LISTED RECORDS:
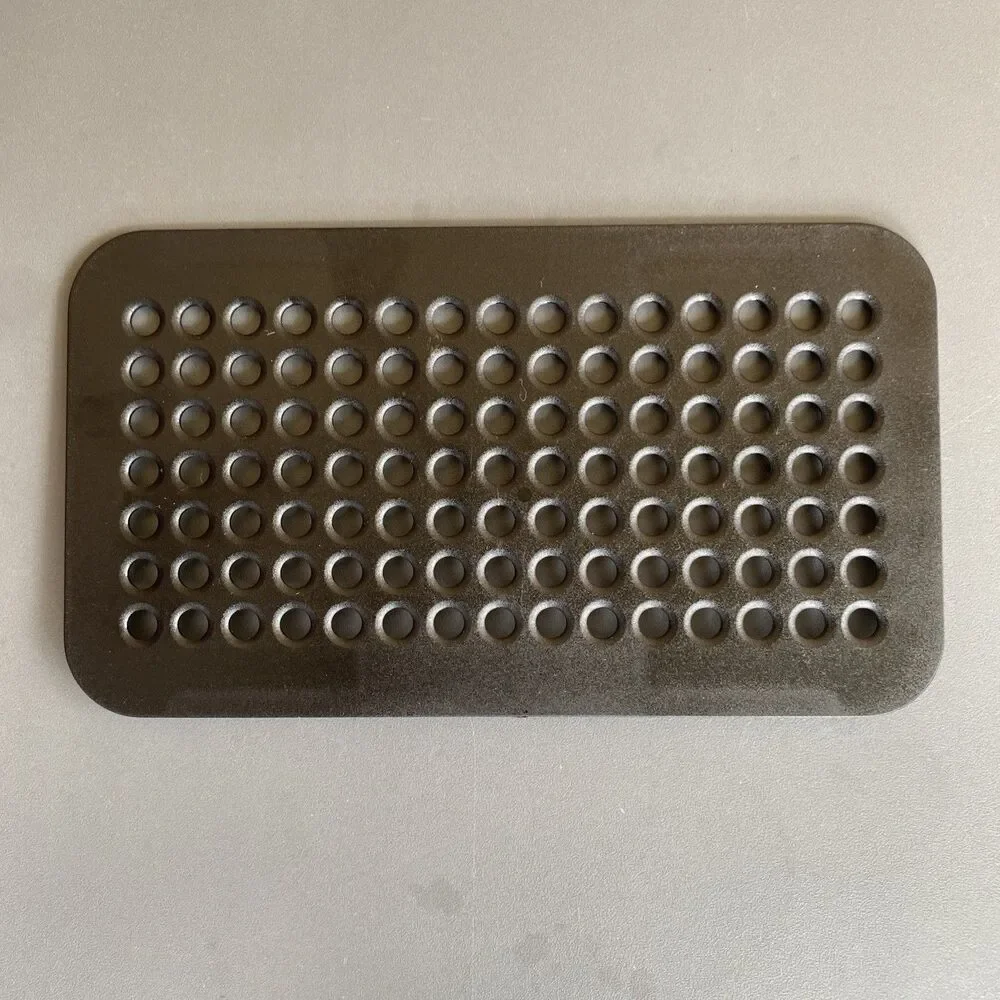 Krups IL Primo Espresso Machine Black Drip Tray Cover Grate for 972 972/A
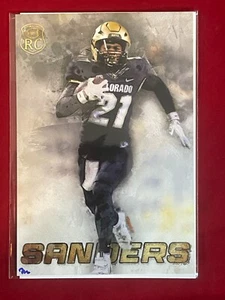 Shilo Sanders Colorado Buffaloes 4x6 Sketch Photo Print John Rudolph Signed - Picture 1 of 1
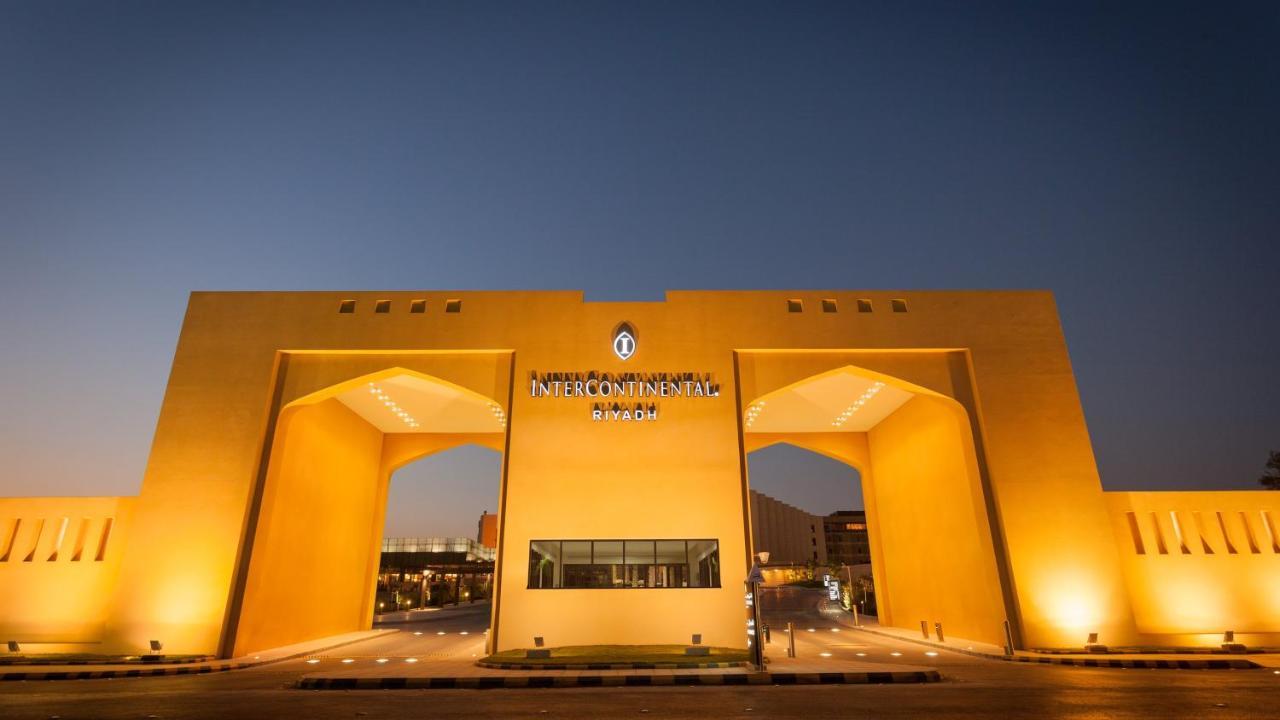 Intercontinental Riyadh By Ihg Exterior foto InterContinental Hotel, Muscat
* * *
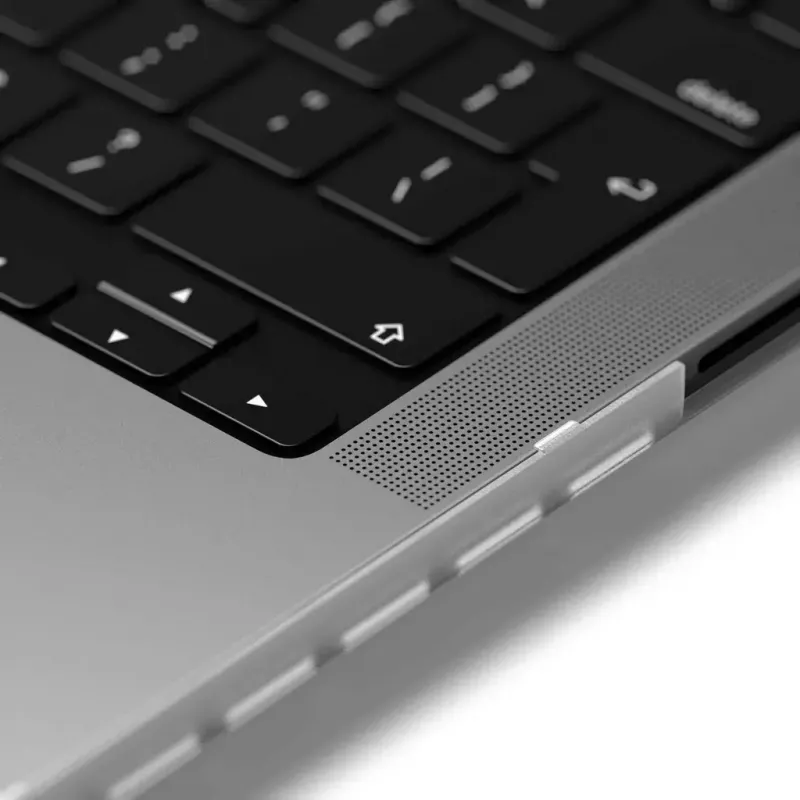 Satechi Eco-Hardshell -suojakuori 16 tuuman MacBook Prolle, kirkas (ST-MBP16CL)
==
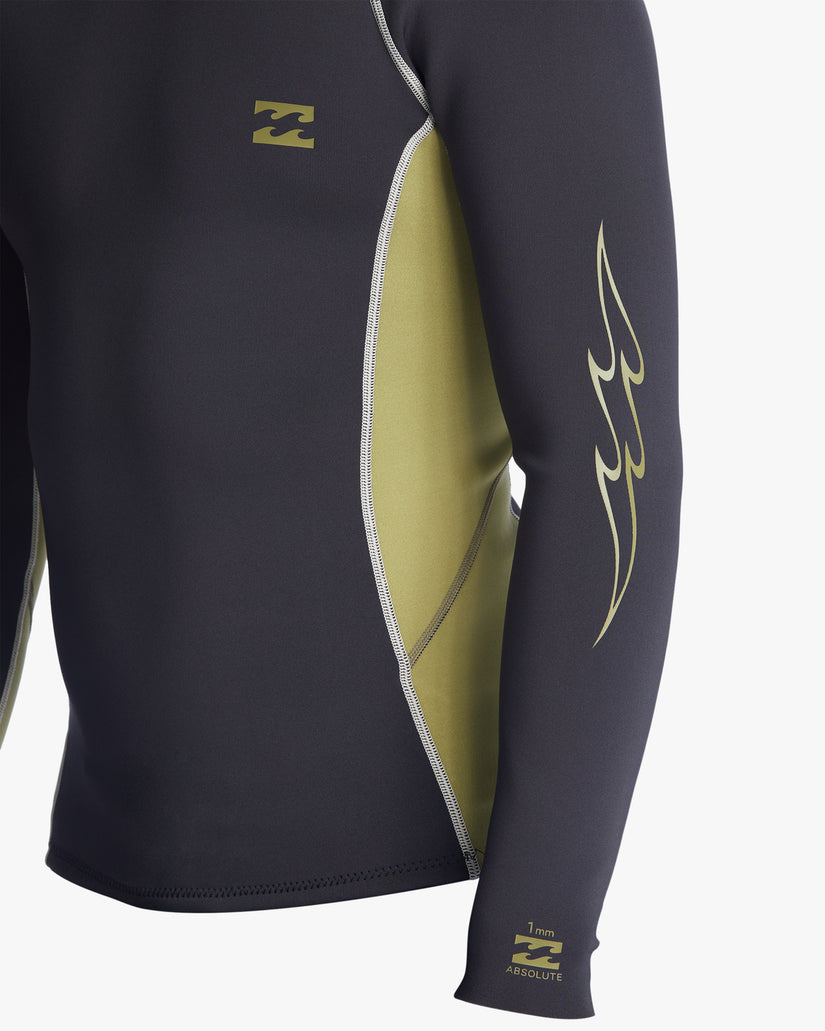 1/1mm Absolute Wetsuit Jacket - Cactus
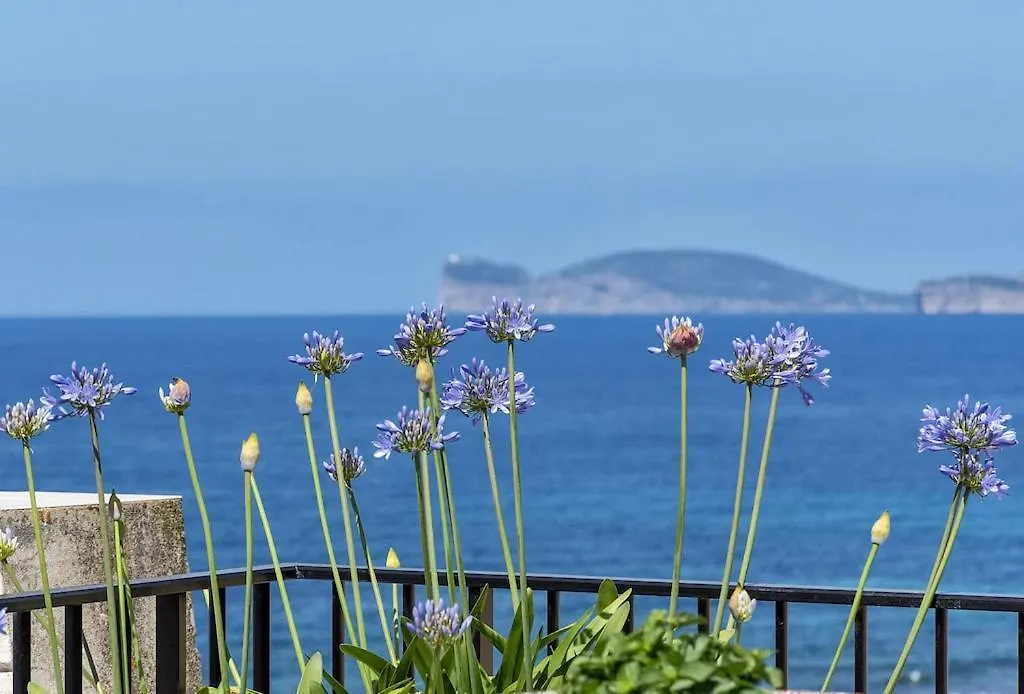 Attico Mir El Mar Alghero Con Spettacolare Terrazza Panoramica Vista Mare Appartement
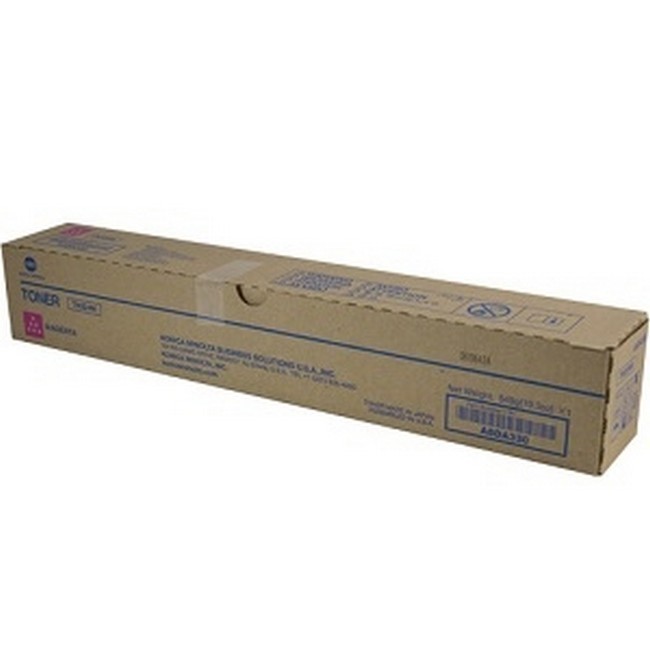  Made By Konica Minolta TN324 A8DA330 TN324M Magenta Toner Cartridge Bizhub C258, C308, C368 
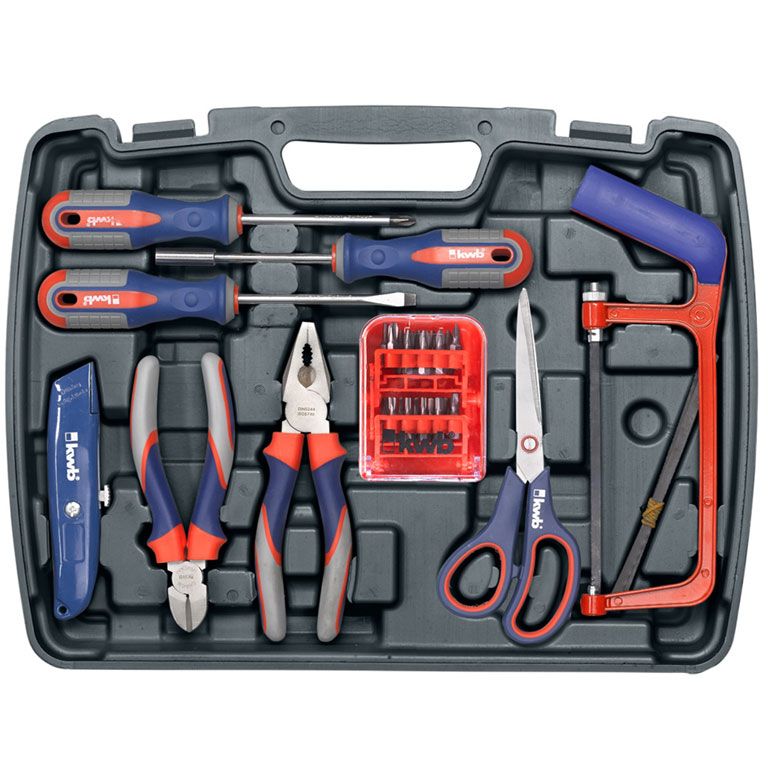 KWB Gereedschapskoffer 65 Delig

TASK ITEM: Leaving every picture aside, reproduce exactly the lines above from the one with "Shilo Sanders Colorado" up to and including the one with "Intercontinental Riyadh By", and no others.

ANSWER TO THIS TASK:
 Shilo Sanders Colorado Buffaloes 4x6 Sketch Photo Print John Rudolph Signed - Picture 1 of 1
 Intercontinental Riyadh By Ihg Exterior foto InterContinental Hotel, Muscat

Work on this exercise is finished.